Researchers from the Karlsruhe Institute of Technology (KIT) have received grants from the Carl Zeiss Foundation's CZS Wildcard program. In her project entitled UCART, physics professor Anke-Susanne Müller is working on a new radiation therapy method for directly irradiating tumors in the patient's body with an electron accelerator. Electrobiotechnology professor Dirk Holtmann aims to develop a process for converting CO2 into useful chemicals in his CoMet2 project. With its Wildcard program, the Carl Zeiss Foundation (CZS) supports unconventional research projects with EUR 900,000 each for a period of two years.

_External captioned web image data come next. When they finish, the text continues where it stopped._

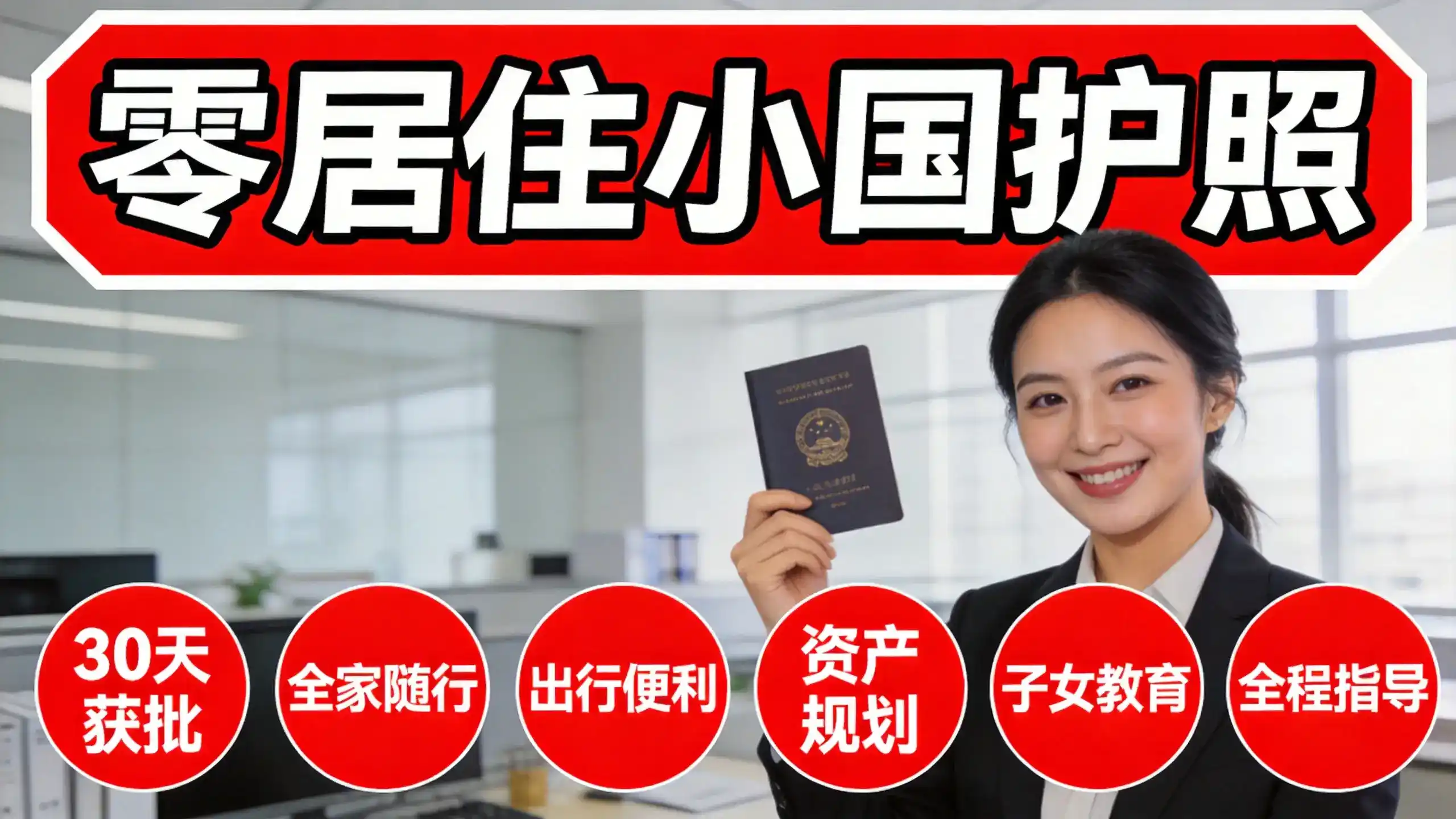 提交瓦努阿图移民申请后，发现材料有误或信息变更，能否修改？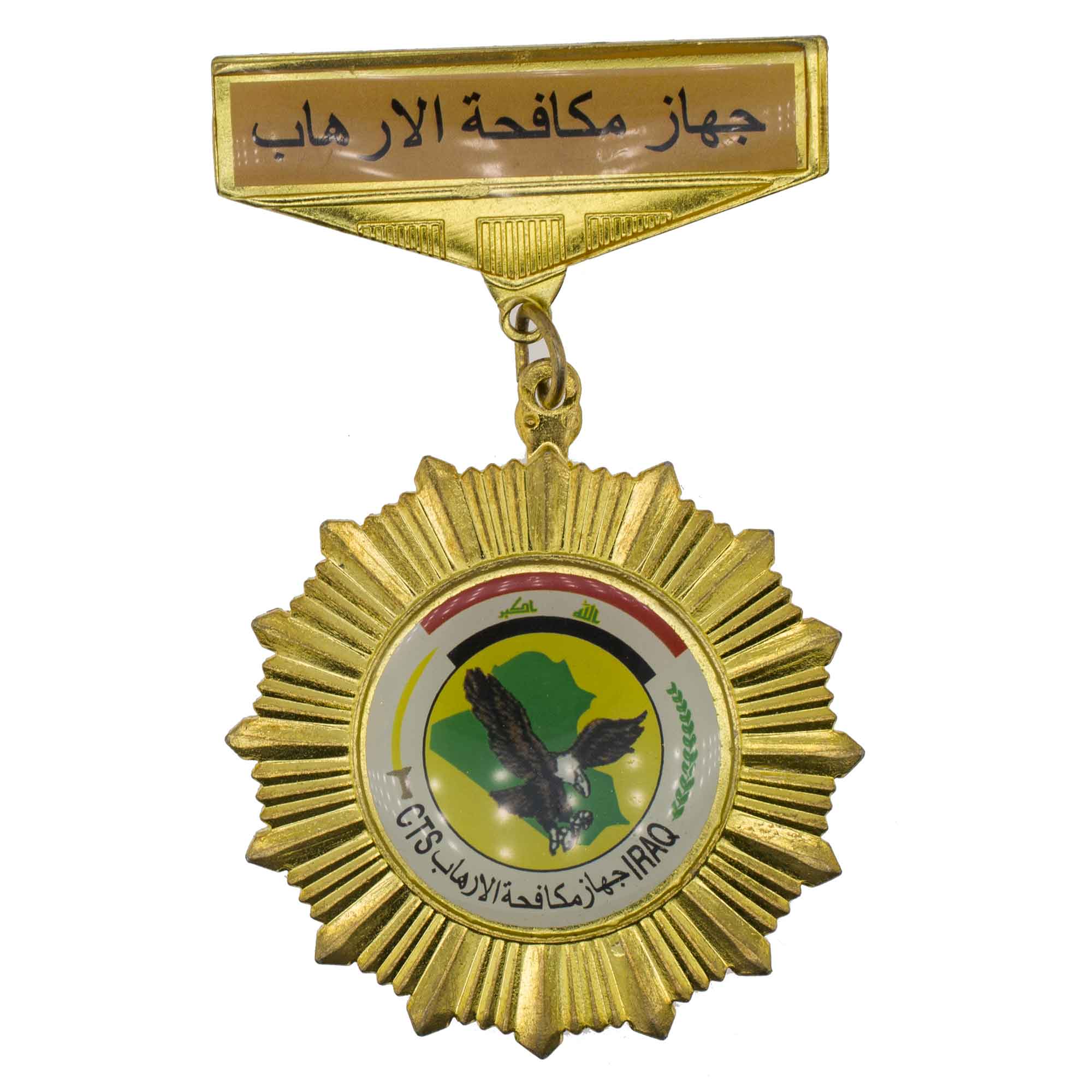 Ирак. Знак Службы по борьбе с терроризмом Ирака.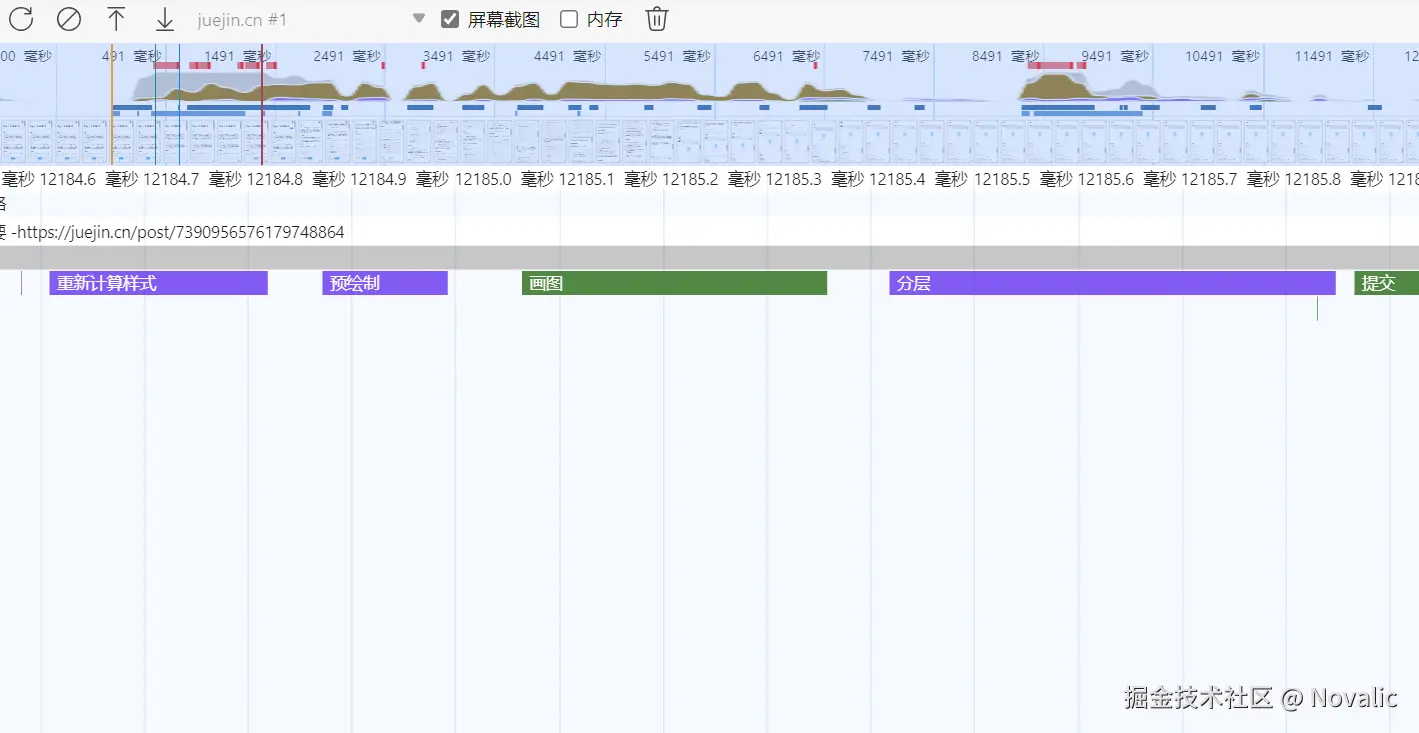 浏览器页面显示过程.png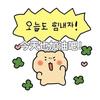kpop英语研究所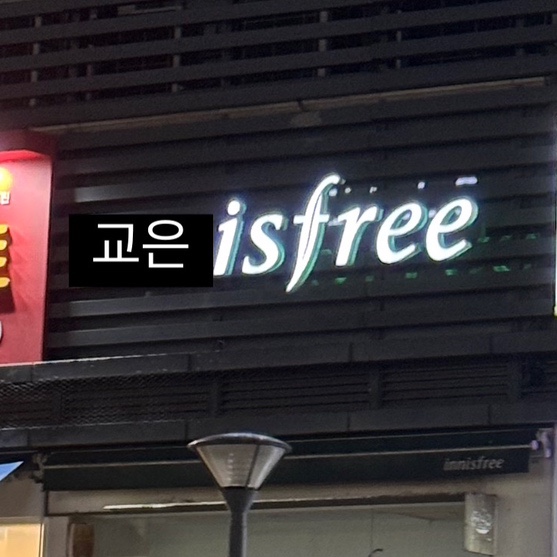 교은 이미지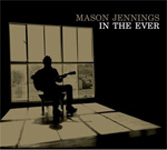 New Music on iTunes 2008-05-20 15:45:19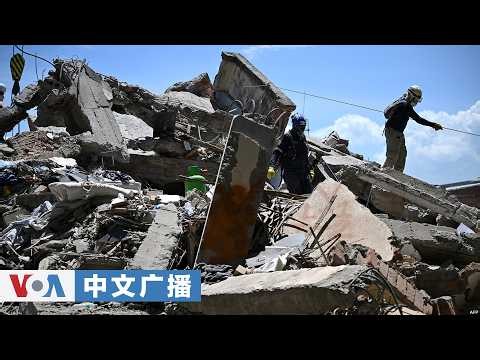 美国之音中文广播 (2026年8月15日)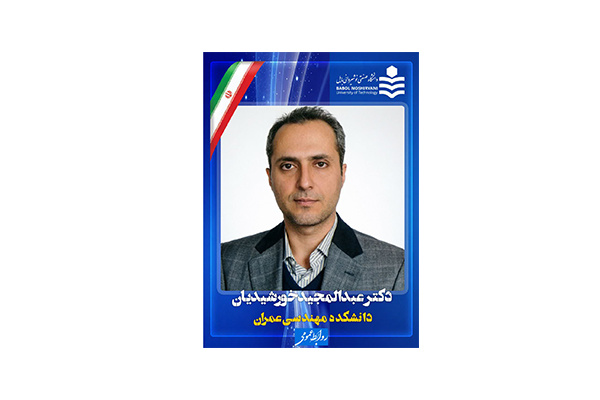 معاون پژوهشی و تحصیلات تکمیلی دانشکده مهندسی عمران ابقاء شد
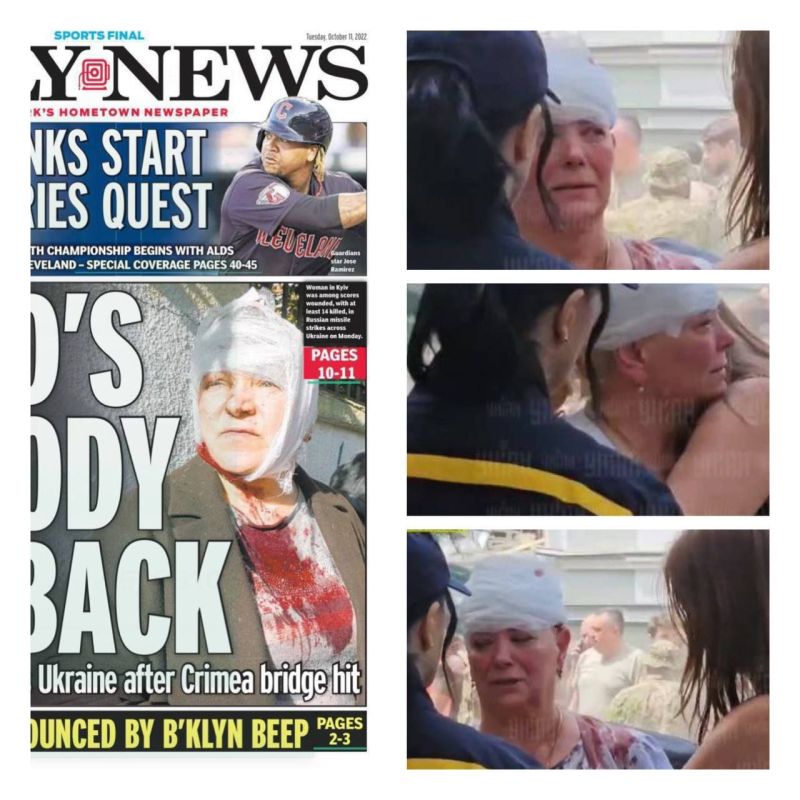 От создателей Бучи!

"To find solutions to society's most pressing problems, we researchers have to break completely new ground time and again, which is exactly what the bold and pioneering projects headed by Anke-Susanne Müller and Dirk Holtmann are doing. We're pleased that they can implement their projects with the CZS Wildcard program," said Professor Oliver Kraft, Vice President for Research at KIT.
UCART: Radiation Therapy Directly in the Body
The objective of the UCART (ultracompact electron accelerators for internal radiotherapy) project is to develop a (sub)millimeter-sized electron accelerator for endoscopic insertion into the body. This will enable direct and extremely precise irradiation inside the body, without damaging healthy tissue. "This is a new approach in radiation therapy," said Professor Anke-Susanne Müller from KIT's Institute for Beam Physics and Technology (IBPT). Müller is conducting the project with Professor Matthias Fuchs from the IBPT and Professor Oliver Jäkel from the German Cancer Research Center (DKFZ).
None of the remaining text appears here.